Data collected for the Government of Nova Scotia
Funded by the Offshore Energy Technical Research (OETR) association

Analysis and interpretation of standard MCS (streamer length <~6 km) and OBS (20-40 km instrument spacing) profiles collected offshore Nova Scotia shows a first-order margin parallel change in rifting architecture, from the magma-rich U.S. East Coast margins in the south to the magma-poor Grand Bank/Newfoundland margin in the north. While these data and work were critical for characterizing the largest regional scale structure, more detailed information on the continent-ocean transition anywhere offshore Nova Scotia was lacking. To start filling in this gap, in 2009, a modern dense wide-angle profile OETR (Figure 1) was acquired across the northeastern Nova Scotia margin for the Offshore Energy Research Association by GeoPro GmbH. The much smaller OBS spacing on this profile than on the SMART profiles and the high definition of the crystalline basement available from the coincident long-streamer GXT-2000 MCS line allows for extraction of detailed crustal structural information.

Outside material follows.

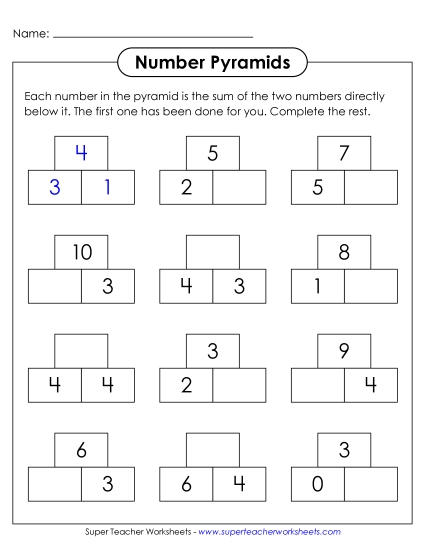 New Number Pyramids: Sums to 10 Worksheet New Number Pyramids: Sums to 10 Worksheet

Figure 1. Bathymetry map (color scale) showing locations of the OETR-2009 ocean bottom seismometer (OBS) profile (red thin line is shooting profile and red dots are OBS locations), coincident MCS profile GXT-2000 (thick black line), SMART wide-angle seismic profiles (black thick dashed lines) (Funck et al., 2004; Wu et al., 2006), connecting MCS profile GXT-5100 (black thin dashed line) and selected boreholes (brown). The study area (red rectangle) is shown relative to eastern Canada and United States in the inset. The bathymetry is contoured (thin dotted lines) every 1,000 m. Yellow patches are salt (Shimeld, 2004). Diamond-patterned region is the East Coast Magnetic Anomaly (ECMA) with the black dashed curve outlining its recently proposed continuation (Sibuet et al., 2012). Thick gray line is the M25 magnetic anomaly. The OETR-2009 model distance is tick marked and labeled in black. Area around Profile OETR-2009 is enlarged in the lower panel with OBSs (red filled circles) numbered in red (pink on dark background), shooting line in black, and bathymetry contoured every 500 m. SI = Sable Island; MnB = Mohican Basin; SaB = Sable Basin; AB = Abenaki Basin; HB = Huron Basin; TB = Tantallon; LB = Laurentian Basin; BDW = Banquereau Detachment Wedge. MCS = multichannel seismic.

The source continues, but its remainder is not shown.